Raw data »
========================

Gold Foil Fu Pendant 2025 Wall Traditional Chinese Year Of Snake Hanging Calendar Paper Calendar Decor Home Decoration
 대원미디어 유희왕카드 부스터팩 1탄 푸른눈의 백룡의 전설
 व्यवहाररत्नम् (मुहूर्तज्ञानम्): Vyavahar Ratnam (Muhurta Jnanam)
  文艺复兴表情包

========================

Task goal » Each line of the data needs to be repeated exactly.

Written answer »
Gold Foil Fu Pendant 2025 Wall Traditional Chinese Year Of Snake Hanging Calendar Paper Calendar Decor Home Decoration
 대원미디어 유희왕카드 부스터팩 1탄 푸른눈의 백룡의 전설
 व्यवहाररत्नम् (मुहूर्तज्ञानम्): Vyavahar Ratnam (Muhurta Jnanam)
  文艺复兴表情包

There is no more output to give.